Fig. 9 shows (a) Example flow cytometry histogram of Snx9 staining in murine OTI cells for the indicated conditions and quantification thereof for Snx9 KO and intergenic for six experimental replicates. Statistics is a paired two-sided t-test. (b) Survival curve and of C57BL/6 mice with MC38-OVA tumors with adoptive transfer of OTI T cells with or without Snx9 KO at day 13 post tumor injection. n= 6 mice per condition and statistics are Bonferroni-adjusted Mantel-Cox log-rank tests, (c) Tumor growth curve in mm 3 of MC38-OVA bearing tumors in C57BL/6 mice with a transfer of P14 (LCMV gp33 specific T cells) with and without a Snx9 KO. Statistic is a 2-way ANOVA. (d) Tumor weight of MC38-OVA tumors at timepoints for the flow cytometry analysis of intratumoral OTI cells. Statistics are 2-way ANOVA with Holm-Sidak correction, (e) Numbers of adoptively transferred OTI T cells found in the tumor (identified by CD45.1 , adjusted by Precision counting beads) and normalized per gram of tumor weight, n = 6 (for Snx9 KO at d 13 n = 5 due to ulceration), (f) Percentage of PD-1 high and Tim-3+ OTI cells at different timepoints post transfer. Statistics are 2-way ANOVA with Holm-Sidak correction, (g) Flow cytometry plots showing PD-1 versus TIM-3 for the samples on day 13 post OTI transfer shown in h. * p<0.05, ** p <0.01 , *** p < 0.001 , **** p < 0.0001.

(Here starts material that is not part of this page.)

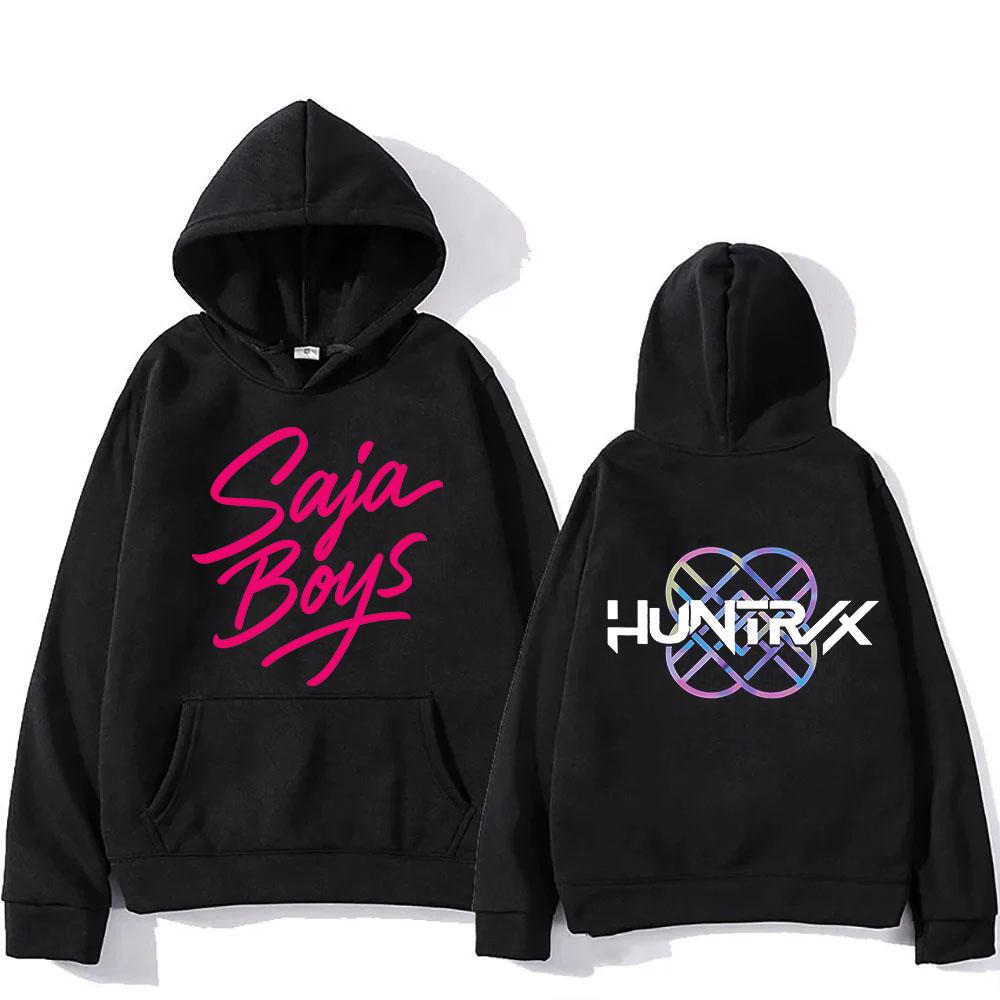 KPop Lovci démonů Saja Chlapecká mikina s kapucí Dlouhý rukáv Mikina s filmovým potiskem Módní Harajuku Mikina Unisex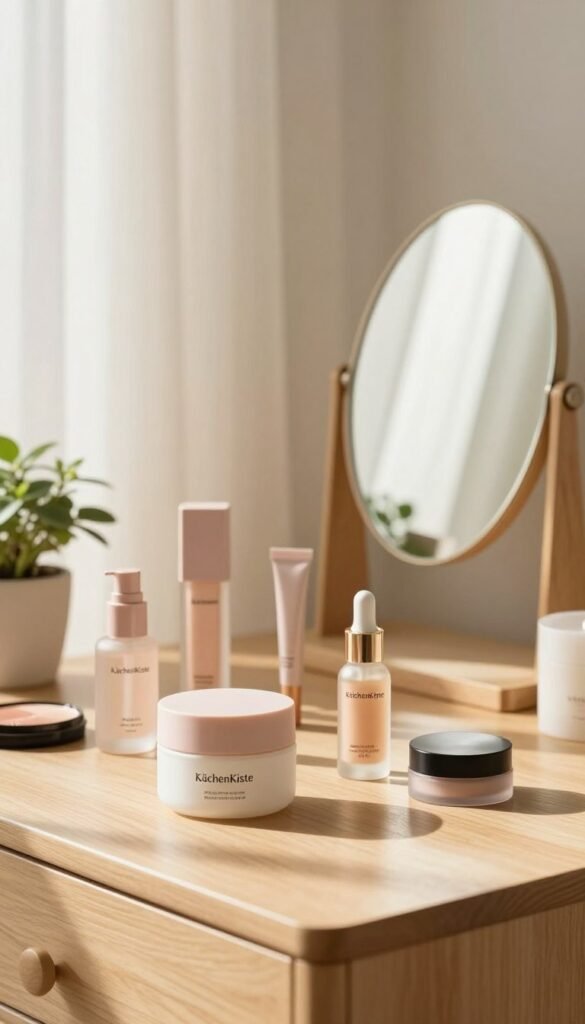 A stylish, organized beauty routine setup on a light wooden vanity. In the foreground, a neatly arranged selection of skincare and makeup products in soft pastel colors, including a sleek cream container, a radiant highlighter, and a bottle of serum. The middle ground features a beautifully crafted, small mirror reflecting gentle sunlight, highlighting the items and giving a warm glow to the scene. In the background, light curtains softly billowing in a breeze create an inviting atmosphere. A small potted plant adds a touch of greenery, enhancing the natural feel. The overall mood is calm and organized, ideal for showcasing time-efficient beauty routines. The image should evoke a Pinterest aesthetic, styled without any text or overlays. The brand name "KüchenKiste" is subtly integrated into the decor.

Fig. 10 shows (a - e) Data from the scRNAseq dataset of OTI cells 13 days post transfer in MC38-OVA tumors, (a) Heatmap showing row-scaled expression of the indicated marker genes defined by FindMarkers in Seurat for the clusters shown in columns. Yellow indicates high expression, magenta low expression. Cells were downsampled before plotting, (b) Average expression as color and percentage expression as size of the indicated transcription factors and nuclear genes with known involvement in T cell differentiation for each cluster, (c) Average expression as color and detection as size for the indicated gene sets for each cluster, (d) Differentially expressed genes between Snx9 KO and intergenic OTI cells for the indicated clusters: Tex-term, Tern and Tex-proflif. Log2 fold change is indicated as x-axis, color and size of the dots, while the y-axis represents to -log 10 adjusted p- value. (e) Numbers of the indicated immune cell subsets in MC38-OVA tumors of C57BL/6 mice three days post OTI transfer with or without Snx9 KO. Numbers were corrected by Precision beads and normalized to the tumor weight, n = 6. Statistics are paired two-sided t-tests. (f) Serum cytokines in MC38-OVA bearing C57BL/6 mice at the indicated times post OTI transfer with or without Snx9 KO. n = 6 mice per condition, (g) Surival curve (humane endpoints) for NSG mice with MC38-OVA tumors with a transfer of OTI T cells 12 days post tumor injection. n= 6 mice per condition and statistics are Bonferroni-adjusted Mantel-Cox log-rank tests. * p<0.05, ** p <0.01 , *** p < 0.001 , **** p < 0.0001 .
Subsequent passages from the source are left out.